# dam akadama



## pike (10 Nov 2009)

hello after reading james article on akadama i bought a bag same in make in the thread and decided to give it a good rinse the only problem it as turned  back into clay totally crumbled away.luckily i'm in no rush to use and now need a replacement top dressing any recommendations please? hopeing to plant hc cuba. regards jon


----------



## Nelson (10 Nov 2009)

thats strange.had some in my tank since april with no problems :? .
depends how much money you want to spend to cap it.could get sand or gavel.
not sure its a good idea to still ues the akadama though.


----------



## squiggley (11 Nov 2009)

I had the same problem

Bought two bags at the same time, one bag crumble lightly when washed but had now started to deteriorate badly now 6 months late.
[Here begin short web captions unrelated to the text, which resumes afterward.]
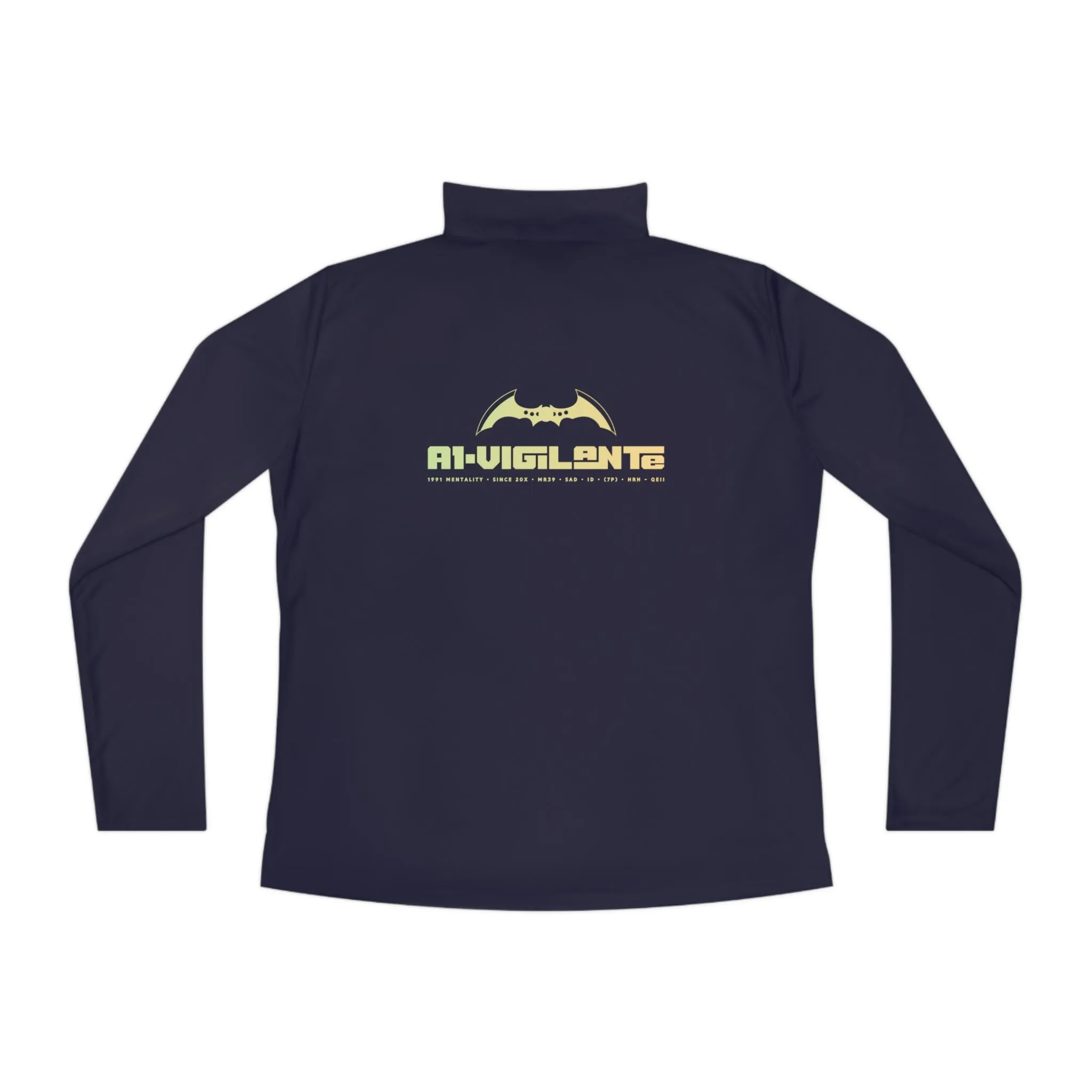 A1-Vigilante Ladies Quarter-Zip Pullover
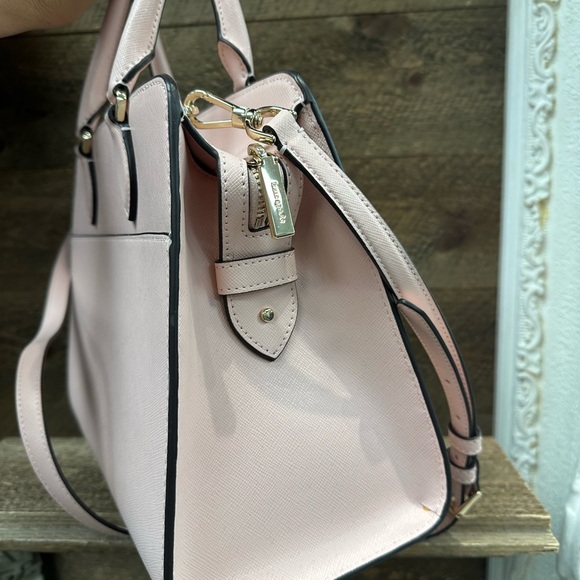 Kate Spade New York Pink Leather Satchel Crossbody - Picture 3 of 10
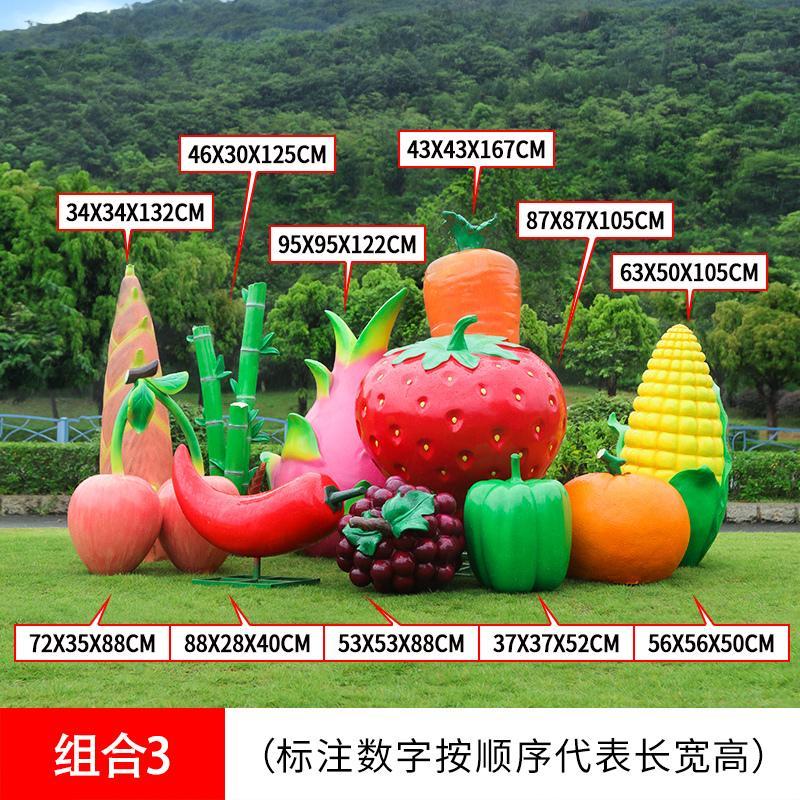Fruit and vegetable ornaments  - đánh giá và giá Gardening Tools Revit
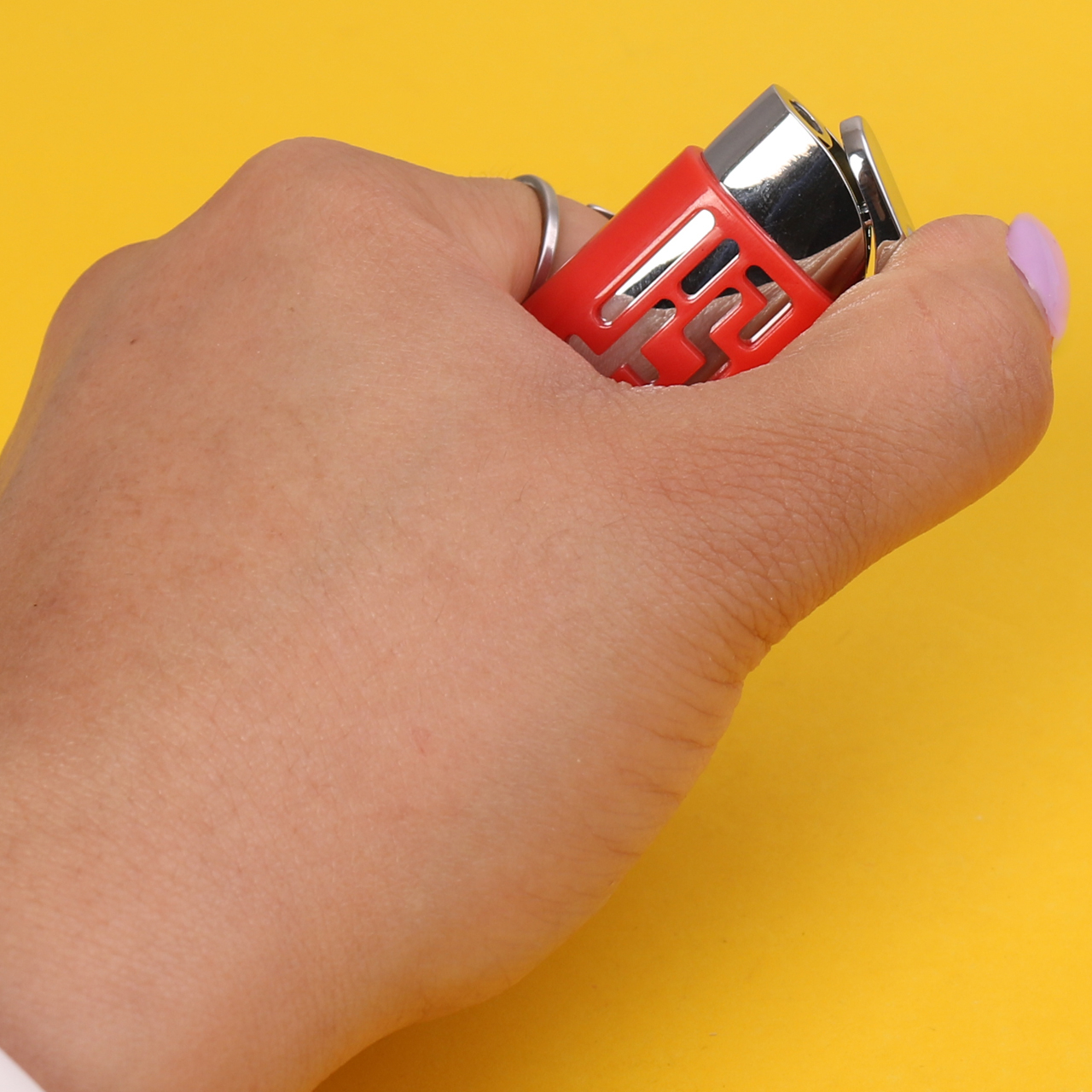 فندک طرح اشکال هندسی کد PJ-754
The other bag perfectly fine, no sign of crumbling


----------



## Nick16 (11 Nov 2009)

what type did you buy. you need the double red line stuff. 
i had akadama in a tank for about 6 months with no signs of crumbling etc.


----------



## dsandson (11 Nov 2009)

I've had Akadama in a 180l for almost a year now. When initially washing it, if you were too vigourous then it would easily crumble away. A light touch was best. After a year and its still going strong. Perhaps you got a bad batch.

Dave


----------



## pike (11 Nov 2009)

on the bag it say's hard quality ,must be a bad batch it even crumbles if i squeeze it before it was soaked.in my moss tank i have aquaclay from ae and they are like bullets so i will get some for the 130ltr tank.regards jon


----------